At his death, Denzin was an emeritus professor at the University of Illinois at Urbana–Champaign, where his portfolio demonstrated the breadth and depth of his scholarship. In addition to qualitative methods, he loomed large in developing interpretive theory, performance studies, and the scholarly examination of media, culture and society.
“With Denzin’s immense impacts on various fields in qualitative inquiry, his outstanding works in mentoring generations of qualitative scholars, and his accomplishment in building an international community of qualitative researchers, Denzin has been attributed as ‘the Father of Qualitative Inquiries,’ a well-deserved distinction,” Shing-Ling Sarina Chen wrote in last year’s edited volume, Festschrift In Honor Of Norman K. Denzin: He Knew His Song Well.

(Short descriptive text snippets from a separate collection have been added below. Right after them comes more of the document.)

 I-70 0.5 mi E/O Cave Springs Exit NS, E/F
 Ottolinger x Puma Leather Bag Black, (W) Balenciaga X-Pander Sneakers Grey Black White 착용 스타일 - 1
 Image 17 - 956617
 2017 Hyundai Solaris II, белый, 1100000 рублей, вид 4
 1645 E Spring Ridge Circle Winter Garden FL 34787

Publisher Helen Salmon, who had worked with Denzin for two decades at Sage, offered a more personal précis:
In noting Denzin’s passing, the University of Illinois College of Media quoted C.L. Cole and Robert E. Rinehart from a special 2006 issue of the Journal of Sport and Social Issues:
Born and matriculated in America’s Midwest, Denzin’s work reflected a spectrum of heartland concerns, from the focus on the individual voice to the impact of Hollywood, from the treatment of native Americans to the exploration of racial violence. And yet, as Chen would explain, Denzin’s efforts wielded the regional to explain the universal, just as he used his own autoethnography repeatedly to limn larger narratives.

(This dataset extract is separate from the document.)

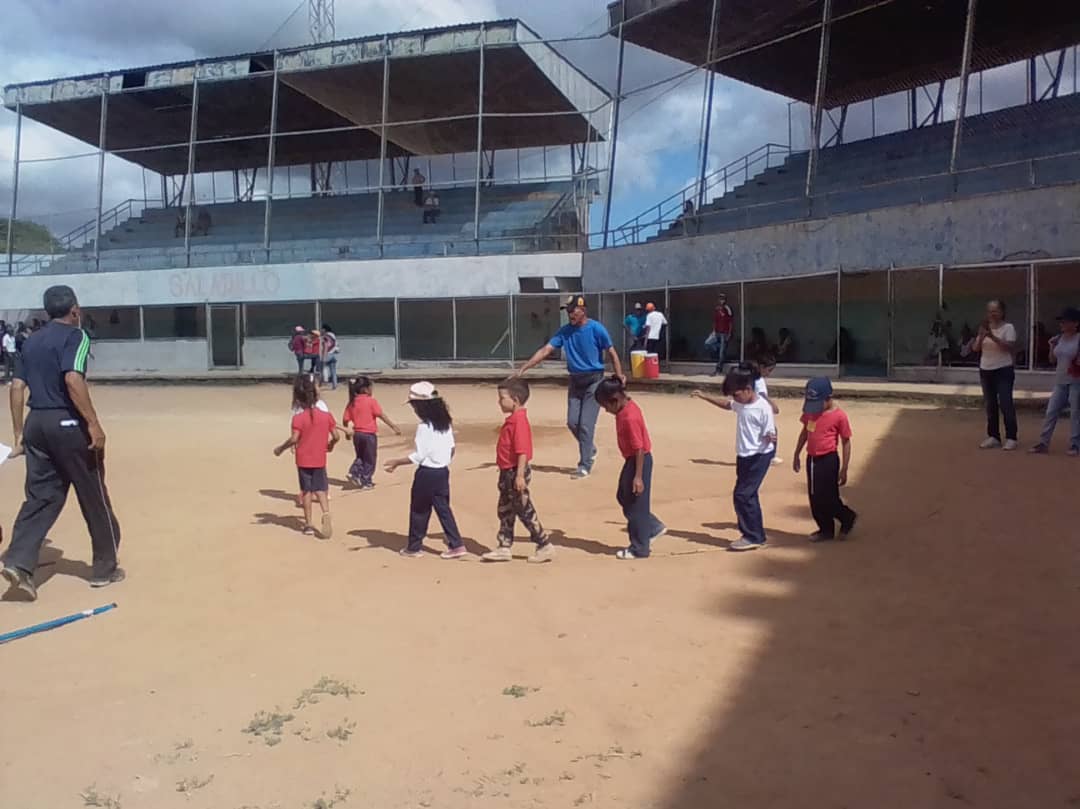 CDCEMonagas_5's tweet photo. Con alegría se ejecutó la actividad con los más pequeños y talentosos de casa #EducInicial #FestivalMiniatletismo
@DarymarGonzlez1 
@Edu7H2 https://t.co/bbgIIjCF3Z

The end purpose, in Denzin’s estimation, was not the methodology itself but its results in real life. As he was quoted at Encyclopedia.com: “[The] basic question guiding my work is: ‘How is meaning constructed and lived in the lives of ordinary people and how may we, as interpretive scholars, ground our understandings in the spoken prose of the people we study?’”
This harnessing of the method and the goal was made explicit in books like 2010’s The Qualitative Manifesto: A Call to Arms, which included a strong focus on indigenous peoples. How seriously he took these issues was apparent. “I have long admired Norm Denzin’s vision and passion for qualitative inquiry,” H. L. (Bud) Goodall, Jr. wrote in a review. “But I have never seen him write with such raw, energizing power – his is the voice of a fine angry angel leading us into the political battle of narratives currently defining, and contesting, qualitative research. It’s a perfect pitch for this manifesto that is really a full intellectual and performative call to arms.″
All the combats of his career march back to raising the utility, the use, and the profile of qualitative research in its many forms – an Chen enumerated, there was existentialism, phenomenology, pragmatism, symbolic interactionism, semiotics, poetics, poststructuralism, postmodernism, performance studies, autoethnography, critical and creative forms of writing, justice studies, and more. Some of his most signal work in this regard came for Sage, the parent of Social Science Space, although Denzin also wrote and edited for many other publishers, such as AltaMira, Left Coast, Emerald, and Routledge. For Sage’s 50th anniversary book, Denzin noted how his journey and that of Sage intertwined:
That handbook, now in its sixth edition, and the journals he founded (such as Cultural Studies-Critical Methodologies and the International Review of Qualitative Research) proved remarkably important for both qualitative research and Sage. Denzin would describe the handbook as “the linchpin in SAGE’s entire qualitative methodology publishing program,” while Sage founder Sara Miller McCune said Qualitative Inquiry became “a natural home for the discussions around these new ways of thinking, exploring the qualitative framework within a multidisciplinary approach.”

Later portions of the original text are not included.